Tales from the Borderlands, in itself, is a strange concept. Taking a first person shooter famed for its unparalleled ‘shoot ‘n’ loot’ gameplay and transferring that into a story-based point and click game sounds like nothing short of insanity.
Thankfully for fans of the franchise, Telltale Games have excelled themselves, producing an experience with an engaging story and a highly rewarding choice system.
While the story arc fundamentally begins and ends at the same places many other clichéd stories can be found, the gaps in between are where Tales makes its mark. Hilarious and insightful dialogue is brought to life by an all-star cast, including Troy Baker, Nolan North and Patrick Warburton, all of whom are surpassed by Ashley Johnson as adorable robot called Gortys. Dameon Clarke reprises his role as arch-villian Handsome Jack and is as wonderfully maniacal as we have come to expect.
The crop of new characters introduced throughout all five episodes bring much needed fresh faces as some of the original characters started to feel stale and overused upon completion of Borderlands: The Pre-Sequel. What’s more, Tales develops these new characters more in the 15 or so hours in this series than the rest of the Borderlands series has managed with the original cohort in three games.
One of the biggest advantages Tales has over its RPG-FPS cousins is that the connection between the character and the player is far greater. Main protagonists, Rhys and Fiona, are still both motivated by a lust for the material (aren’t we all?), however the player-directed dialogue means you live through the development of relationships (some romantic) rather than witnessing them via cut scenes, or Borderlands’ ECHO recorders. Equally, living through these relationships means you take their deaths even harder. The demise of Roland in Borderlands 2 was awful, but in Tales I found myself pining after a robot more than I did Roland.
Perhaps the crowning jewel of Tales is its preparation for the final act, in which you choose people to fight alongside.

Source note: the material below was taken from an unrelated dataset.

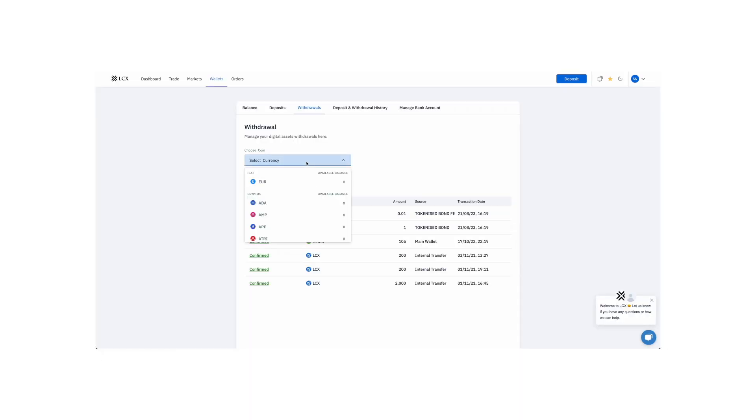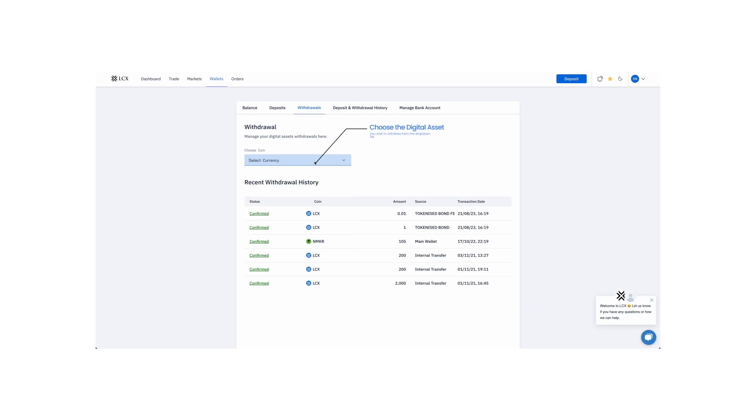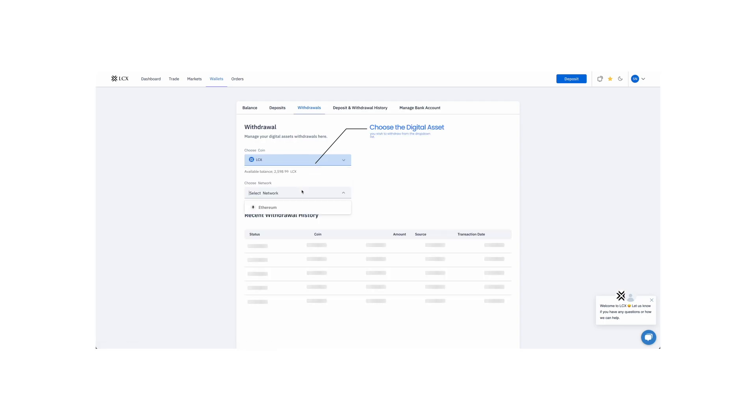Head over to the LCX Wallet section and select Withdraw. Now you'll need to choose the digital asset you wish to withdraw from the drop-down list.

Who you can choose from is based on the relationships you built with characters throughout the series. You can choose from those who want to make amends, those who want to make money and those who just want to shoot something in the face.
Personally, the most enjoyable moment of each episode was seeing how my choices compared to other players’ and imagining the implications, so seeing the culmination of my considerations all in one place felt like Christmas.

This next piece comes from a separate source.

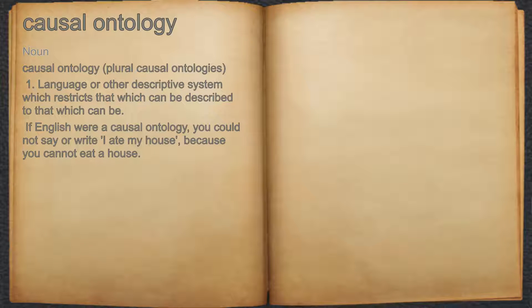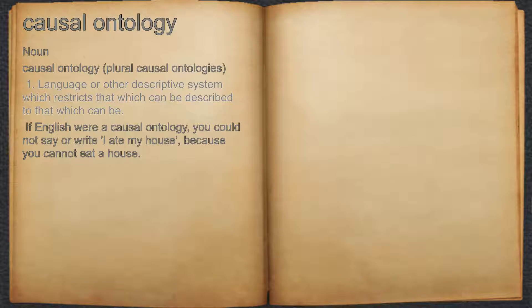Causal Ontology. Noun. 1. Language or other descriptive system which restricts that which can be described to that which can be.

Despite the positives, a few moments can feel a little jarring. Love and romance has been so devoid from the Borderlands universe that Tales’ amorous moments between Rhys and Sasha (Fiona’s sister) can feel more than a little alien.
Some sections of exploration in the earlier episodes can descend into aimless wandering if you aren’t concentrating and I only had the chance to shoot about four people (if you discount fictitious finger-gun shootouts) which, for a Borderlands game is not enough regardless of whether it’s a story driven format or not.
Hopefully, these faults – minor, admittedly – are nothing but teething problems. Should there be a second season of Tales, and there really, really should be, Telltale will have the chance to redress the balance and improve upon what is already a Game of the Year contender.